*Work to complete*
Copy all the entries word for word, but omit the pictures.

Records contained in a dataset
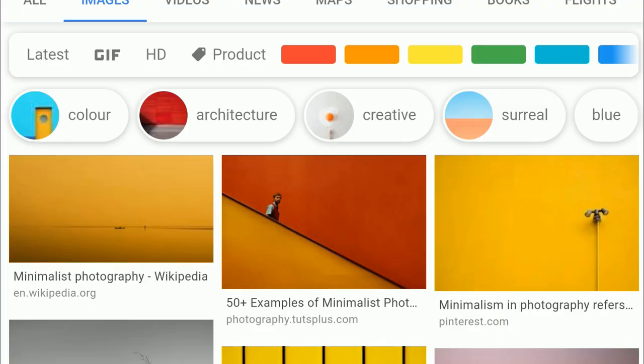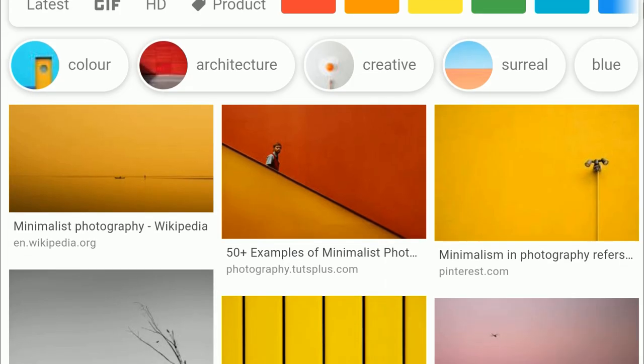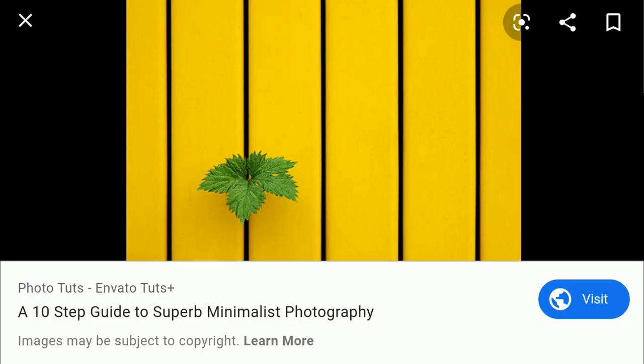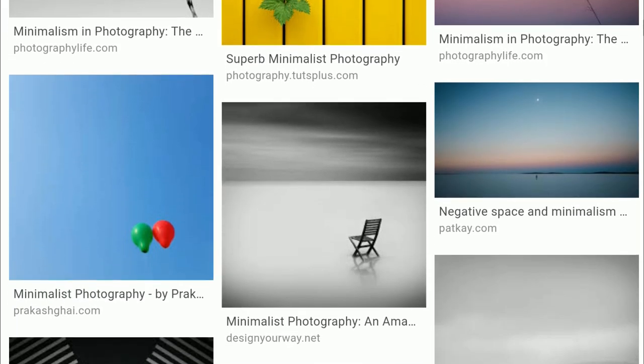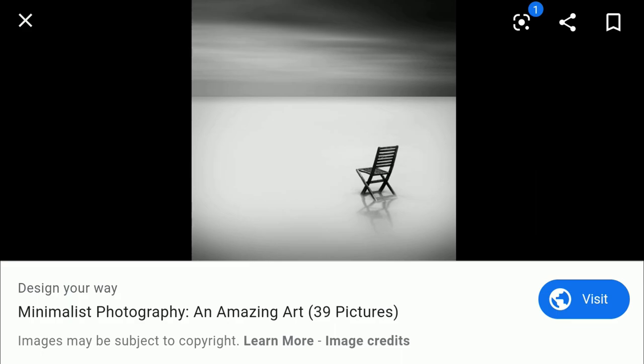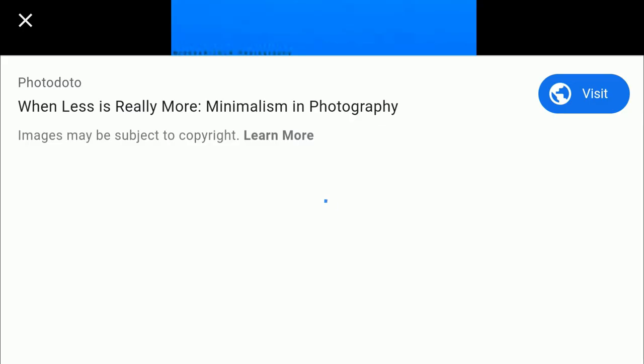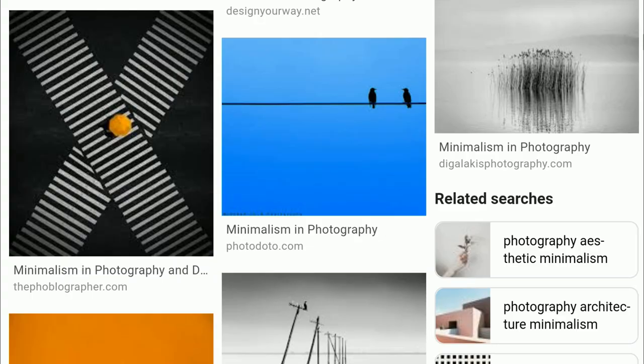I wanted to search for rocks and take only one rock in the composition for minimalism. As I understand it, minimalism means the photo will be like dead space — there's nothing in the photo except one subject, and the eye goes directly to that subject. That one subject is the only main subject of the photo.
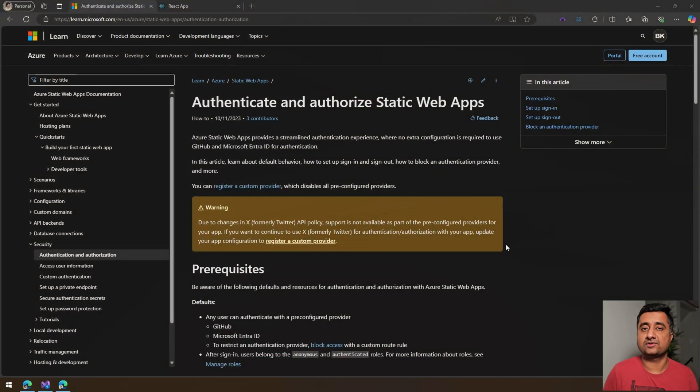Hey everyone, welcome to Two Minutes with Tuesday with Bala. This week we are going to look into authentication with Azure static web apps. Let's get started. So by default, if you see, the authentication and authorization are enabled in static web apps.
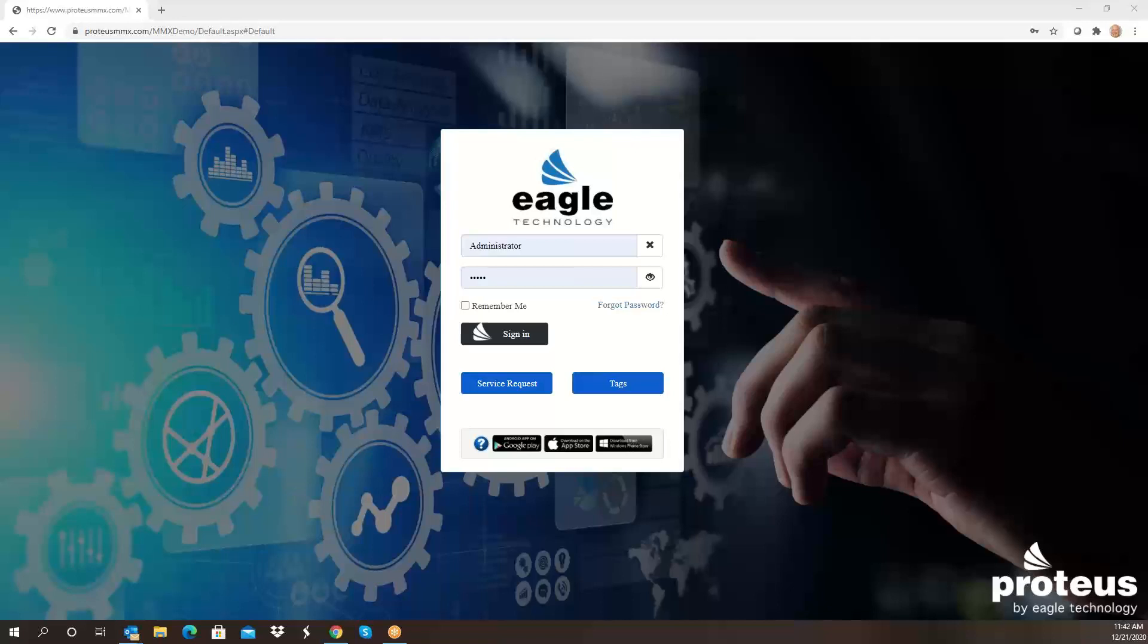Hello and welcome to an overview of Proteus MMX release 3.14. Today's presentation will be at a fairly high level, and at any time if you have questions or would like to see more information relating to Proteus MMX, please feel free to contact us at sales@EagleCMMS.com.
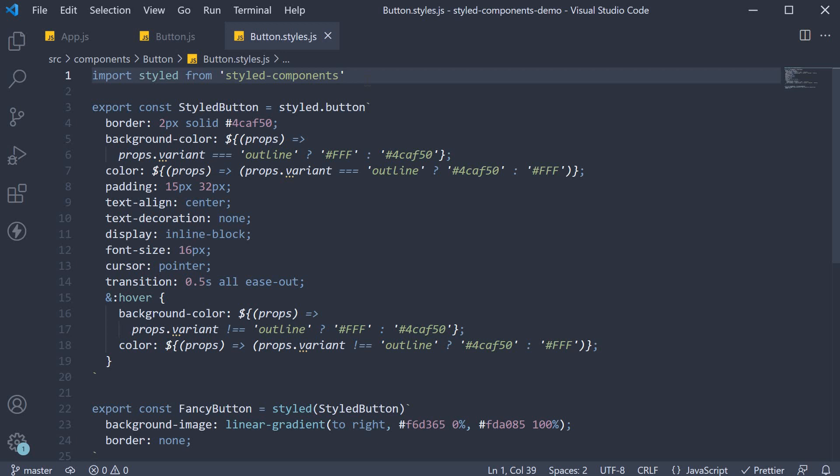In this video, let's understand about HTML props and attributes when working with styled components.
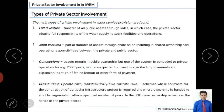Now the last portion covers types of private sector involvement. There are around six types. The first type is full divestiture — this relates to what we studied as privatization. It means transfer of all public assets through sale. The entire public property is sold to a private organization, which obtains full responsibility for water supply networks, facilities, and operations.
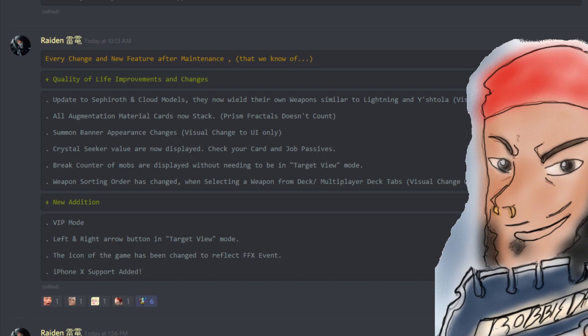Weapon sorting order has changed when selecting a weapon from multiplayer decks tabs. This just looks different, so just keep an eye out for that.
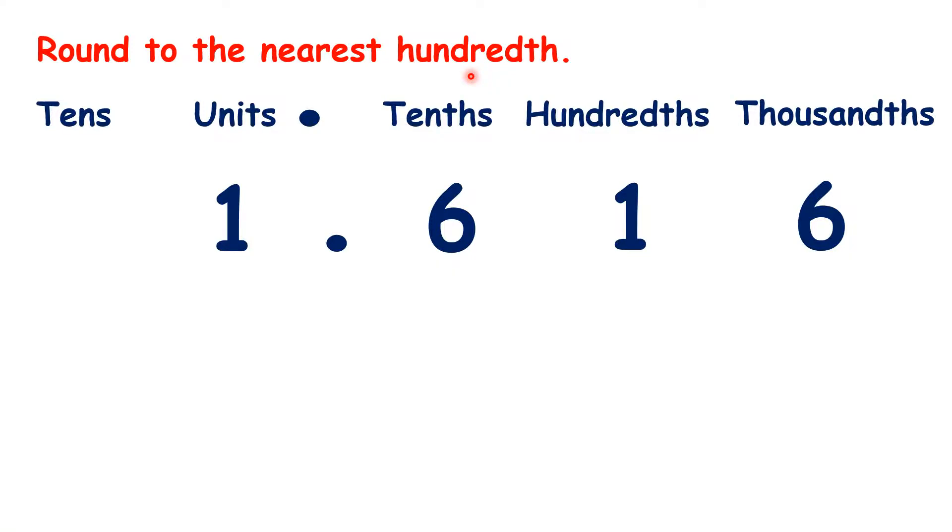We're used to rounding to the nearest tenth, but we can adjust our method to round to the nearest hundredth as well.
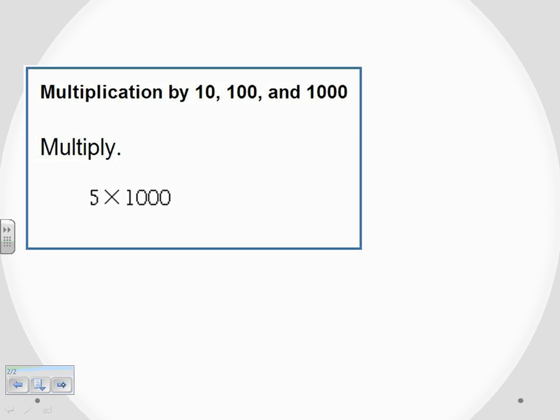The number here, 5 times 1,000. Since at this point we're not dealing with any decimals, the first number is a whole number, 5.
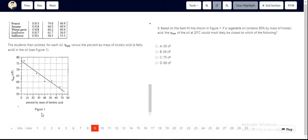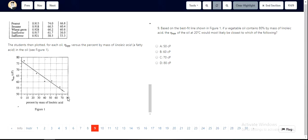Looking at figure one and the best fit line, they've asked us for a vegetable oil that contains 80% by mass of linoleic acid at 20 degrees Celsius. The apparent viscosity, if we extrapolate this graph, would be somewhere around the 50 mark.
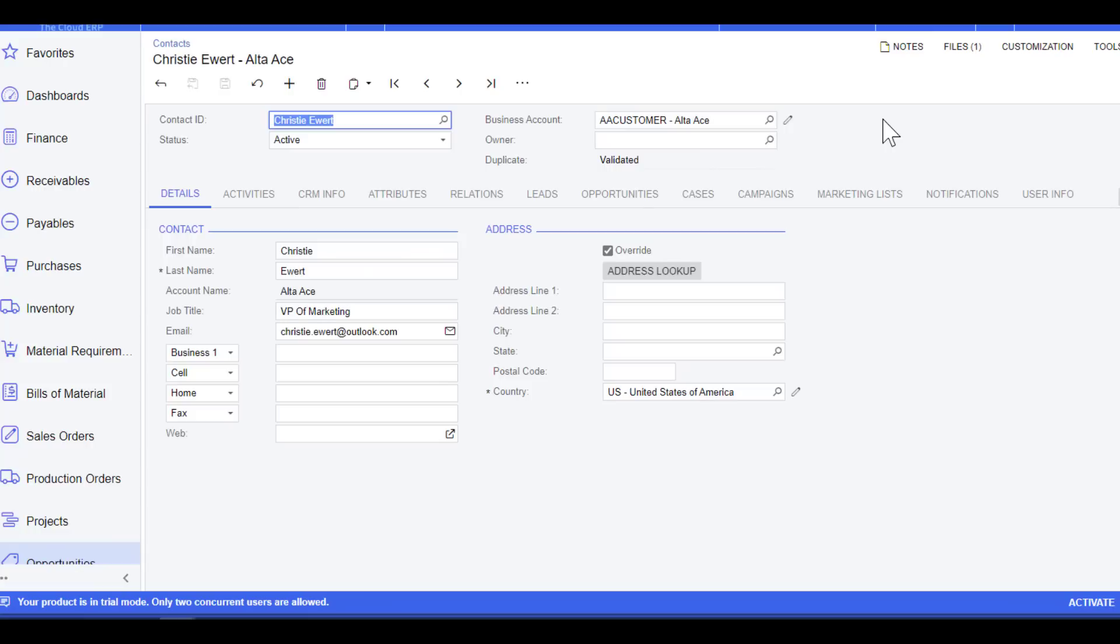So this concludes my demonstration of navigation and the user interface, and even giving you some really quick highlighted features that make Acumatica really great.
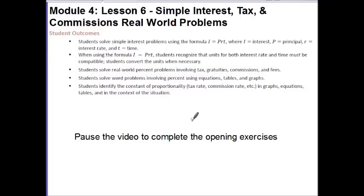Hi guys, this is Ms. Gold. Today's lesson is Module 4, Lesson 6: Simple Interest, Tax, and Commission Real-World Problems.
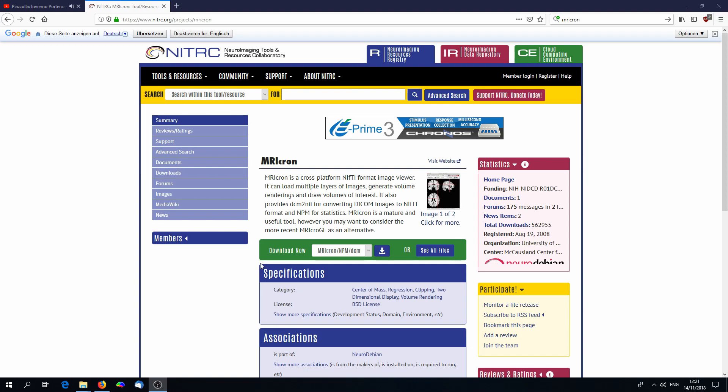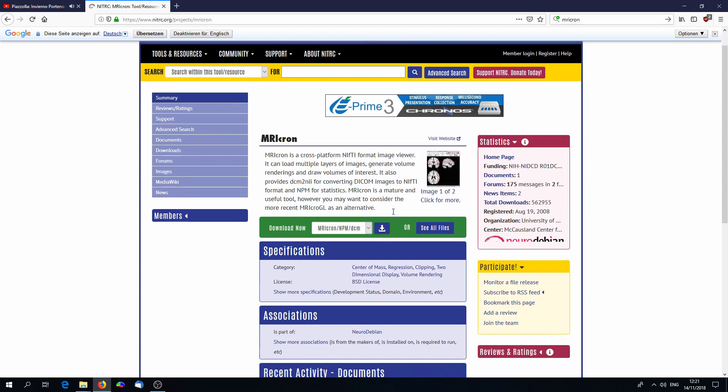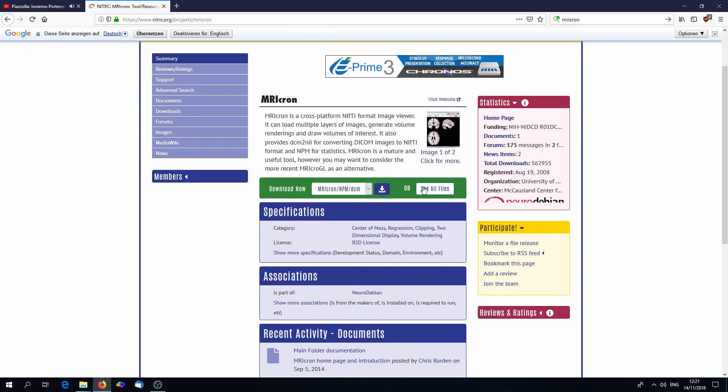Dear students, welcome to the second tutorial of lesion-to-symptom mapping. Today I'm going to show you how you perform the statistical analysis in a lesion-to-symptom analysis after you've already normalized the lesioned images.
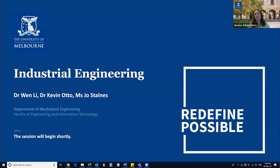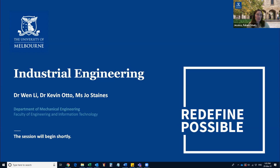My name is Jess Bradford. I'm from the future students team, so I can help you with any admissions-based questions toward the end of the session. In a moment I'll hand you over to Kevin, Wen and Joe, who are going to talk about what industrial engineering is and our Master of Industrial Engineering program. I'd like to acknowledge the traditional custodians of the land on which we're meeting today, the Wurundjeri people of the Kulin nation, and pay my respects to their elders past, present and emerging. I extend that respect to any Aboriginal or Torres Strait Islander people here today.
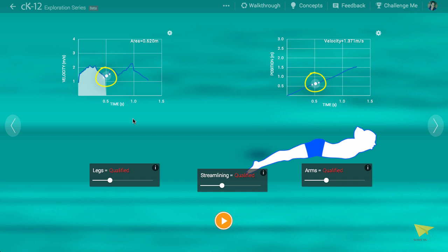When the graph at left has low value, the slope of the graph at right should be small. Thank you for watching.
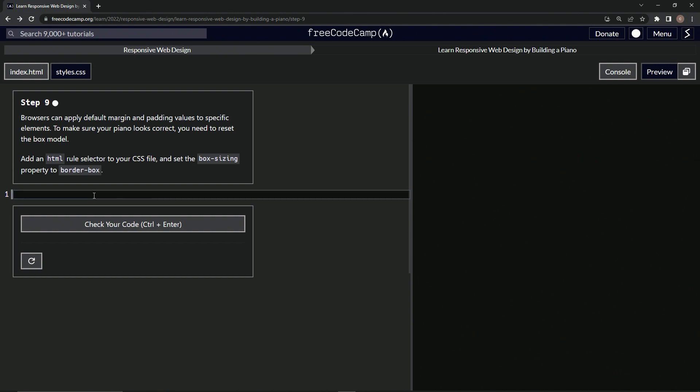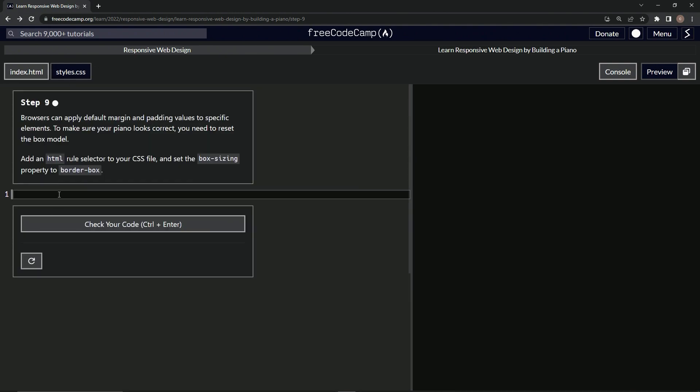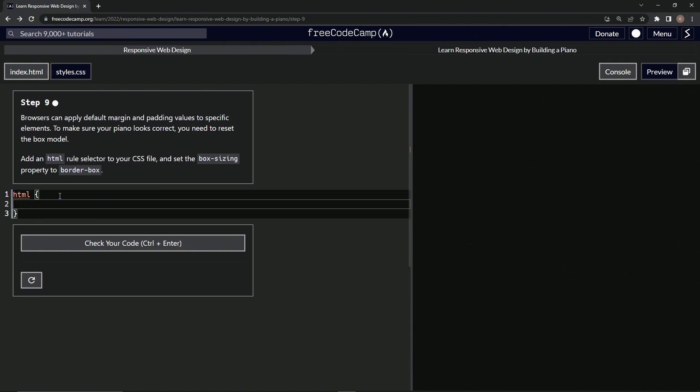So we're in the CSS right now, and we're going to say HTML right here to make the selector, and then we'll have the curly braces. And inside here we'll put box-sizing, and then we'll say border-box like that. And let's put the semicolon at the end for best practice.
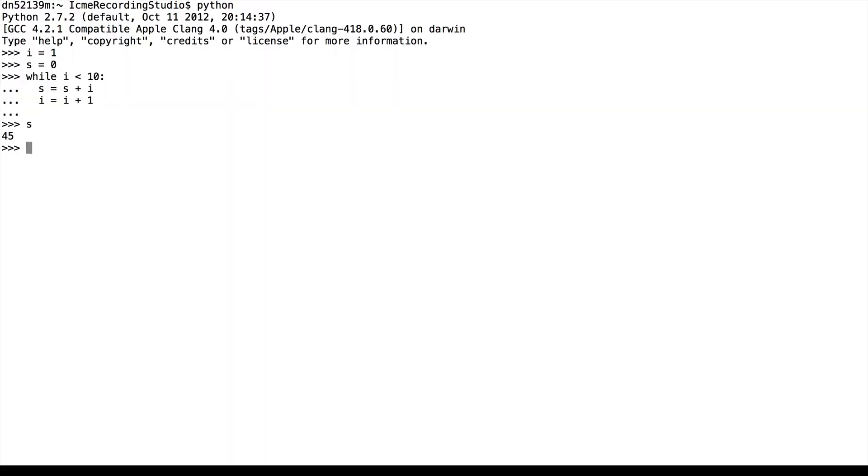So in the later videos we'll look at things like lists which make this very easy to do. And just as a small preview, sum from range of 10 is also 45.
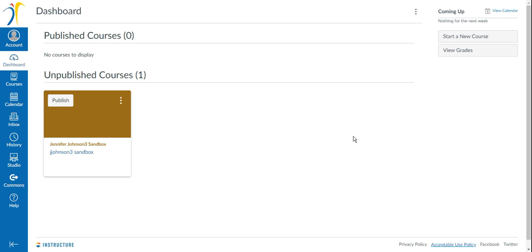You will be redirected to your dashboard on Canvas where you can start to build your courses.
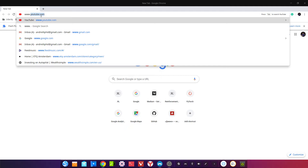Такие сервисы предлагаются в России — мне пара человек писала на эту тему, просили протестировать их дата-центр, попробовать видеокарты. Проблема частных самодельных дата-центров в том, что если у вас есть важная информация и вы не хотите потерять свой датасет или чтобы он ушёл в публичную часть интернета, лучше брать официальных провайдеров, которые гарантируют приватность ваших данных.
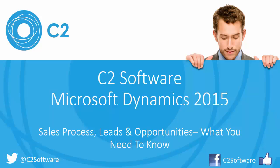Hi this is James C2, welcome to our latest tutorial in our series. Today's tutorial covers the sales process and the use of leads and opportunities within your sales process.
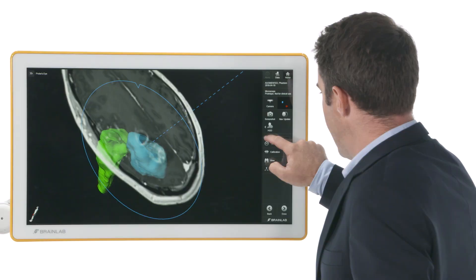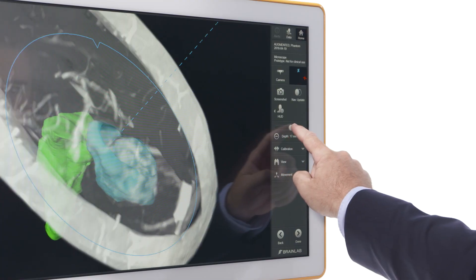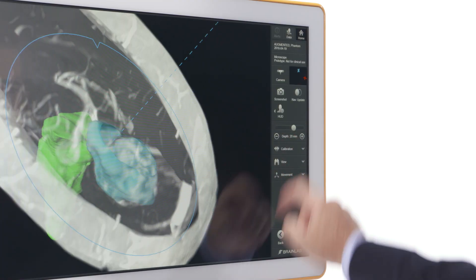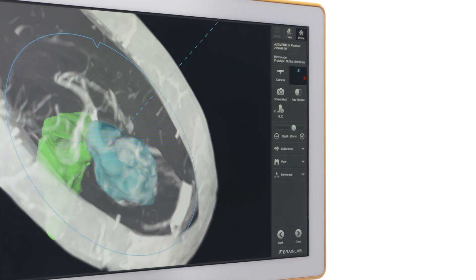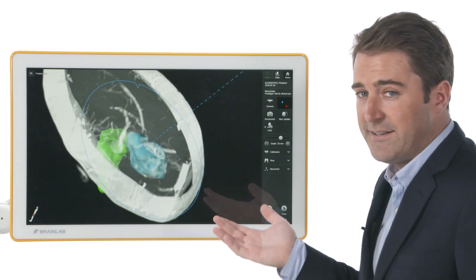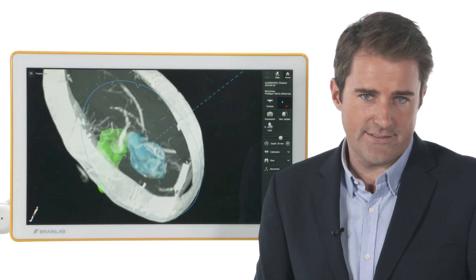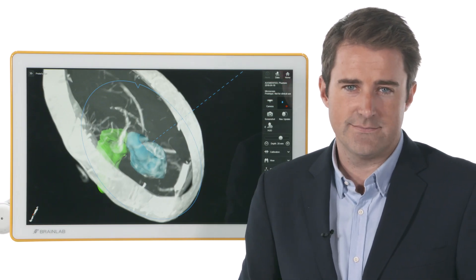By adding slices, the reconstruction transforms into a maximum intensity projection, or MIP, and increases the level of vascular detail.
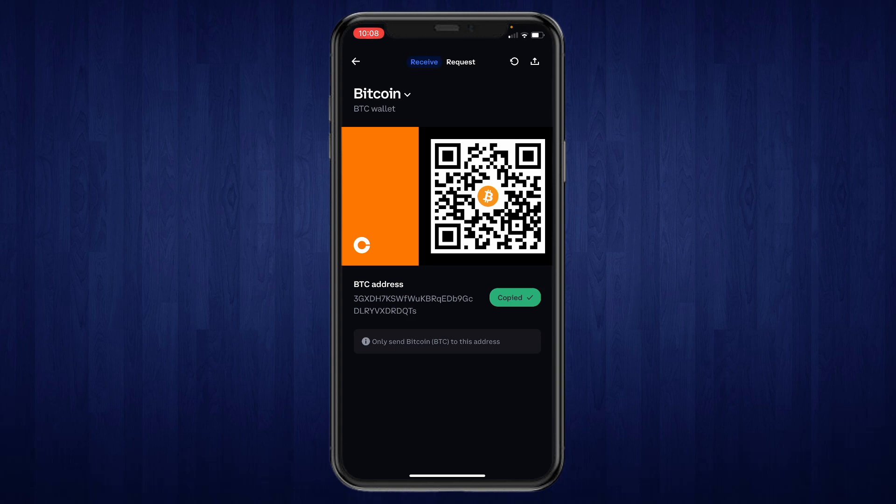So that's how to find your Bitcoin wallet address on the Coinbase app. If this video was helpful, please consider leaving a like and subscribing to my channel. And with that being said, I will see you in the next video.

*Result for this exercise*
I wanted to search for rocks and take only one rock in the composition for minimalism. As I understand it, minimalism means the photo will be like dead space — there's nothing in the photo except one subject, and the eye goes directly to that subject. That one subject is the only main subject of the photo.
Hey everyone, welcome to Two Minutes with Tuesday with Bala. This week we are going to look into authentication with Azure static web apps. Let's get started. So by default, if you see, the authentication and authorization are enabled in static web apps.
Hello and welcome to an overview of Proteus MMX release 3.14. Today's presentation will be at a fairly high level, and at any time if you have questions or would like to see more information relating to Proteus MMX, please feel free to contact us at sales@EagleCMMS.com.
In this video, let's understand about HTML props and attributes when working with styled components.
Now the last portion covers types of private sector involvement. There are around six types. The first type is full divestiture — this relates to what we studied as privatization. It means transfer of all public assets through sale. The entire public property is sold to a private organization, which obtains full responsibility for water supply networks, facilities, and operations.
Weapon sorting order has changed when selecting a weapon from multiplayer decks tabs. This just looks different, so just keep an eye out for that.
We're used to rounding to the nearest tenth, but we can adjust our method to round to the nearest hundredth as well.
The number here, 5 times 1,000. Since at this point we're not dealing with any decimals, the first number is a whole number, 5.
Looking at figure one and the best fit line, they've asked us for a vegetable oil that contains 80% by mass of linoleic acid at 20 degrees Celsius. The apparent viscosity, if we extrapolate this graph, would be somewhere around the 50 mark.
So this concludes my demonstration of navigation and the user interface, and even giving you some really quick highlighted features that make Acumatica really great.
Hi guys, this is Ms. Gold. Today's lesson is Module 4, Lesson 6: Simple Interest, Tax, and Commission Real-World Problems.
Dear students, welcome to the second tutorial of lesion-to-symptom mapping. Today I'm going to show you how you perform the statistical analysis in a lesion-to-symptom analysis after you've already normalized the lesioned images.
My name is Jess Bradford. I'm from the future students team, so I can help you with any admissions-based questions toward the end of the session. In a moment I'll hand you over to Kevin, Wen and Joe, who are going to talk about what industrial engineering is and our Master of Industrial Engineering program. I'd like to acknowledge the traditional custodians of the land on which we're meeting today, the Wurundjeri people of the Kulin nation, and pay my respects to their elders past, present and emerging. I extend that respect to any Aboriginal or Torres Strait Islander people here today.
When the graph at left has low value, the slope of the graph at right should be small. Thank you for watching.
So we're in the CSS right now, and we're going to say HTML right here to make the selector, and then we'll have the curly braces. And inside here we'll put box-sizing, and then we'll say border-box like that. And let's put the semicolon at the end for best practice.
So in the later videos we'll look at things like lists which make this very easy to do. And just as a small preview, sum from range of 10 is also 45.
You will be redirected to your dashboard on Canvas where you can start to build your courses.
Такие сервисы предлагаются в России — мне пара человек писала на эту тему, просили протестировать их дата-центр, попробовать видеокарты. Проблема частных самодельных дата-центров в том, что если у вас есть важная информация и вы не хотите потерять свой датасет или чтобы он ушёл в публичную часть интернета, лучше брать официальных провайдеров, которые гарантируют приватность ваших данных.
Hi this is James C2, welcome to our latest tutorial in our series. Today's tutorial covers the sales process and the use of leads and opportunities within your sales process.
By adding slices, the reconstruction transforms into a maximum intensity projection, or MIP, and increases the level of vascular detail.
So that's how to find your Bitcoin wallet address on the Coinbase app. If this video was helpful, please consider leaving a like and subscribing to my channel. And with that being said, I will see you in the next video.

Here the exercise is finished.